Riis gegen Antidoping-Agenturen mehrerer Länder
Das Verfahren gegen Riis gewinnt seine Brisanz dadurch, dass der Rennstallchef zwar Doping in seiner aktiven Zeit - damals beim Team Telekom - zugegeben hat. Für die von ihm geleiteten Rennställe CSC und Saxo Bank behauptete er jedoch stets einen "Mentalitätswechsel". Der ist jetzt in Frage gestellt. Beim Riis-Verfahren arbeitet Hansen mit den Anti-Doping-Agenturen aus Spanien, den Niederlanden, Italien und den USA zusammen. "Auch die deutsche Nada kommt mit ins Boot", sagte sie. Das Verfahren ist nur ein Beispiel, das zeigt, wie viel derzeit im Dopingkampf in Bewegung ist.
- Die Nada hat auch in Sachen Jan Ullrich zu tun. Der deutsche Rad-Star sah sich durch die Geständnisse der Kollegen zumindest zu einer Mini-Beichte veranlasst. Und im Prozess gegen den früheren Gerolsteiner-Profi Stefan Schumacher in Stuttgart zeichnet sich Anhörung für Anhörung immer deutlicher das Bild ab, dass im zweitwichtigsten deutschen Rennstall Doping wohl nicht nur von Einzelnen betrieben, sondern auch von Teamärzten geduldet und befördert wurde.

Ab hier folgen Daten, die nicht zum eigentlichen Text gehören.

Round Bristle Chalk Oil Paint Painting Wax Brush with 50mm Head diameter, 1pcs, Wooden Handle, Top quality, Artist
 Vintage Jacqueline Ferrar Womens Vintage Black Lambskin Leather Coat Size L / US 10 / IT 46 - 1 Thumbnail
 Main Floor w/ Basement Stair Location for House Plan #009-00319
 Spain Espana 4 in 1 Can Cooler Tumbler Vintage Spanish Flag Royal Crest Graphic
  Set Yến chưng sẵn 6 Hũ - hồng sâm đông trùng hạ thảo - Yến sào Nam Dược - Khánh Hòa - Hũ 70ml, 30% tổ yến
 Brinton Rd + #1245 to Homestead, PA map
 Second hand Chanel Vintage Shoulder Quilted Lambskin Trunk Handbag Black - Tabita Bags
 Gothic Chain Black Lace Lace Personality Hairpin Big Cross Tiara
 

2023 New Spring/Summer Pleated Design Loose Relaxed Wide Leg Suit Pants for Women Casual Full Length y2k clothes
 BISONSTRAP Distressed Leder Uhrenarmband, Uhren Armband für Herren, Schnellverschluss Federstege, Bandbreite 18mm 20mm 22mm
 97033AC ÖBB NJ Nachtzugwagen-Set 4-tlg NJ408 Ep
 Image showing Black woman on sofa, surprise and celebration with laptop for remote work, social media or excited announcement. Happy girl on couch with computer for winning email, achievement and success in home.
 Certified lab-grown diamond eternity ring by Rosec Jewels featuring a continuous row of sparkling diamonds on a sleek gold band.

- Auch in Frankreich sind die Weichen auf Aufarbeitung gestellt. Eine Kommission des französischen Senats nahm sich der bereits im Jahre 2004 vorgenommenen Nachanalysen von Dopingproben der Tour 1998 an und will die positiven Fälle - insgesamt 44 - namentlich benennen. Zwar wurde die Veröffentlichung auf Drängen einer Fahrerabordnung auf einen Zeitpunkt nach dieser Tour verschoben. Aber dank einer ersten Indiskretion wurde laut L'Equipe eine der positiven Proben bereits dem heimischen Nationalhelden Laurent Jalabert zugeordnet. Und dieser ließ von seiner Tätigkeit als Kommentator beim französischen Fernsehen ab.
- Sogar innerhalb des Weltradsportverbands UCI ist Bewegung festzustellen. Das Murren gegenüber der langjährigen Strategie des Dopingverschweigens und -vertuschens nimmt zu. Der wegen seiner undurchsichtigen Rolle im Fall Armstrong heftig kritisierte Präsident Pat McQuaid hat mit dem Briten Brian Cookson erstmals einen Gegenkandidaten, der Transparenz zu seinem Programm erklärt hat.
Wenn dem Radsport der komplette Umbruch gelingen will, dann müssen auch im Weltverband unverbrauchte Leute in entscheidende Positionen kommen. Dass überhaupt so viel in Bewegung gekommen ist, war im Oktober 2012 aber nicht zu erwarten.